Tips for creating animations for multiples aspect ratios
Understanding the challenges and opportunities of each orientation and size is the primary step. After that, since each project is unique and there’s no rule of thumb here, creating or reading the script carefully with the limitations in mind is also really important. It allows problems and challenges to arise earlier rather than later.
It’s essential to bring this topic to the client, even if they don’t mention anything during the early project discussions. It’s our job, as animation experts, to make it clear for the client both the opportunities and challenges of implementing digital marketing assets in today’s world. And this is definitely a relevant matter for both sides of the spectrum.
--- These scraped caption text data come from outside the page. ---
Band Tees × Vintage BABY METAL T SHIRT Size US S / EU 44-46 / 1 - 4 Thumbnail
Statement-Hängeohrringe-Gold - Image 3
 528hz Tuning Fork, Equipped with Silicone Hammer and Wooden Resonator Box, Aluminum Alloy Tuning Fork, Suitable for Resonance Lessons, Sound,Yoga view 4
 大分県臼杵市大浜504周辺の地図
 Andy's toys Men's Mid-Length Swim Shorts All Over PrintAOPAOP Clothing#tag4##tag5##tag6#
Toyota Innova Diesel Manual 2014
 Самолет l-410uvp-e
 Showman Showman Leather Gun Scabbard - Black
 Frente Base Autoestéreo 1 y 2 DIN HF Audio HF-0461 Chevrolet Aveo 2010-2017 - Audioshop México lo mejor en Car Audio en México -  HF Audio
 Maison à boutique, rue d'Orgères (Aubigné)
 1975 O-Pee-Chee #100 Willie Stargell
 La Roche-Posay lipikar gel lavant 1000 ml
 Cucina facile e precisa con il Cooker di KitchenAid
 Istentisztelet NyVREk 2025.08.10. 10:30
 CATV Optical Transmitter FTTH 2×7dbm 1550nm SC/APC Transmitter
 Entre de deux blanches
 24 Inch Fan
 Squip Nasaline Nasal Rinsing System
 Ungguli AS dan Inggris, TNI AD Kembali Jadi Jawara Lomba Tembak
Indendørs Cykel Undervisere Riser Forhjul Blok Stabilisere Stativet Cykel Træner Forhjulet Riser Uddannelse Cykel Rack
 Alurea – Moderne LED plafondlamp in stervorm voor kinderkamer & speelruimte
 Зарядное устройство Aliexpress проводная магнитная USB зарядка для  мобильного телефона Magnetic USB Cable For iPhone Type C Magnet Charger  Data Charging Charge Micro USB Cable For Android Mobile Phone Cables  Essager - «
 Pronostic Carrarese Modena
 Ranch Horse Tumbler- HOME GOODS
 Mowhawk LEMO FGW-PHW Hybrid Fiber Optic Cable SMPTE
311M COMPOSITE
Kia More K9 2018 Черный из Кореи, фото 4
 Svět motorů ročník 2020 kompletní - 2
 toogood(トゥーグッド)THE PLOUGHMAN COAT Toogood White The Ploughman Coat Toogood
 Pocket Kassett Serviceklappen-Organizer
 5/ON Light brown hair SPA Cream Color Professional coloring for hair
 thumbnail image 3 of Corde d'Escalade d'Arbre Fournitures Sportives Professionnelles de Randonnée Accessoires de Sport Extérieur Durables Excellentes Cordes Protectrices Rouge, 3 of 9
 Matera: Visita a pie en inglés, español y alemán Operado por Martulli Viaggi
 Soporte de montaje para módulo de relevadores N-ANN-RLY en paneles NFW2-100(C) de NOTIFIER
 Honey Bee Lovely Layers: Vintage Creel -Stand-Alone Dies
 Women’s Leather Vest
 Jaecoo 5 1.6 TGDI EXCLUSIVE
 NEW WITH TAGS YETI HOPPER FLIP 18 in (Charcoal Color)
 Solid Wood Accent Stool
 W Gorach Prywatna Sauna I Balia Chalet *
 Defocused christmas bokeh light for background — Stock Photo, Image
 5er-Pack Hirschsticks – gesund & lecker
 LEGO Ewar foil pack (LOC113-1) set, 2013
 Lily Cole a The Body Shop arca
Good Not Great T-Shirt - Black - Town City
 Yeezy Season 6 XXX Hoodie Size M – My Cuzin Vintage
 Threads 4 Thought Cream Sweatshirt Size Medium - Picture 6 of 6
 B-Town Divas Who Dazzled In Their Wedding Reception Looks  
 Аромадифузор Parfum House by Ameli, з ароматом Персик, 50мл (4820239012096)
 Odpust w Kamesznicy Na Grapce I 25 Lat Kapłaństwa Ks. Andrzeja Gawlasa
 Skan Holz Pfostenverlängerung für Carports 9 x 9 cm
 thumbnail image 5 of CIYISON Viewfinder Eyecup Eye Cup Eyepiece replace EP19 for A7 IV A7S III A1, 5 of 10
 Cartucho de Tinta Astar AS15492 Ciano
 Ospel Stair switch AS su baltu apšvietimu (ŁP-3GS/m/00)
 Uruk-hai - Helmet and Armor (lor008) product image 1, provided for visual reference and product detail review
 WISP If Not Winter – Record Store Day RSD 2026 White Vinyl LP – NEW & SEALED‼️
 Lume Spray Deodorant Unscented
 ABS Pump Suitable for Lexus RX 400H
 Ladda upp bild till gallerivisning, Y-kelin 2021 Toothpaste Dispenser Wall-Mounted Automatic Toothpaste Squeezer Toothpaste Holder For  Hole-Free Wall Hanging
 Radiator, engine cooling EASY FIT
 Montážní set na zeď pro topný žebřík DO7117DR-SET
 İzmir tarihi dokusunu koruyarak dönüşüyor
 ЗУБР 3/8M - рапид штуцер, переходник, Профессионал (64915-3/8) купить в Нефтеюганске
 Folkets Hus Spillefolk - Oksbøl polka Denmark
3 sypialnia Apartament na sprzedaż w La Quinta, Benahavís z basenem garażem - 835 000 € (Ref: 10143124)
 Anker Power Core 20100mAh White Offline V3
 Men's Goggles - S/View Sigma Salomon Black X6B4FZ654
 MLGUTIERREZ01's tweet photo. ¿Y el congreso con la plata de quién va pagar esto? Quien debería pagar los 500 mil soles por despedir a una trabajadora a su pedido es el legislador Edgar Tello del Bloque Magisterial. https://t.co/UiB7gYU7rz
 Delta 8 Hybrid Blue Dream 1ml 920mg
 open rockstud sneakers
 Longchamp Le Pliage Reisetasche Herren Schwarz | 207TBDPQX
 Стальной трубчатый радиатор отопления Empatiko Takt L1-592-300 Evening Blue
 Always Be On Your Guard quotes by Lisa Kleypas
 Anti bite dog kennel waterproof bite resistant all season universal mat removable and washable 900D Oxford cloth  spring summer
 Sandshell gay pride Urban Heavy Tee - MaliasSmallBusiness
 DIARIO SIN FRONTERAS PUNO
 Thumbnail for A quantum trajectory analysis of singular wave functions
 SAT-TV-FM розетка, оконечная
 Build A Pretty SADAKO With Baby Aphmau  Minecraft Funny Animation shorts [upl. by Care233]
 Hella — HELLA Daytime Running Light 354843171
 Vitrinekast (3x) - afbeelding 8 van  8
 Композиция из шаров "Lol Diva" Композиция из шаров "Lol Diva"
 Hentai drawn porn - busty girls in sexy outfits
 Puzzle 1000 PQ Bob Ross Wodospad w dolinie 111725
It guarantees that we will be able to do our best work (without any last-minute adaptation stress) and that the client will have an opportunity to think about their marketing campaigns with a long-term view, going beyond that specific asset.
Considering the complexity of a project like this, I also suggest you try new methods and ways of storyboarding. For example, you can add guides in the storyboard to help you visualize all the possibilities in a single place. It can help you and the client in several ways:
- The client will be able to review the work more effortlessly than if he had to review four different files.
- Being able to see the limitations in size allows discussions to be more focused on “the best solution” instead of personal preferences.
- The person developing the storyboard will be able to test ideas and concepts faster, noticing where specific adaptations may be required.
- Having all the restrictions set in your storyboard increases your chances of integrating the elements and the story in an attempt to find a unique solution for all the different aspect ratios.
To sum it all up, the best approach for this kind of intricate work is to spend most of your time in the pre-production phase. A solid storyboard and script prevent aspect ratios from limiting the production.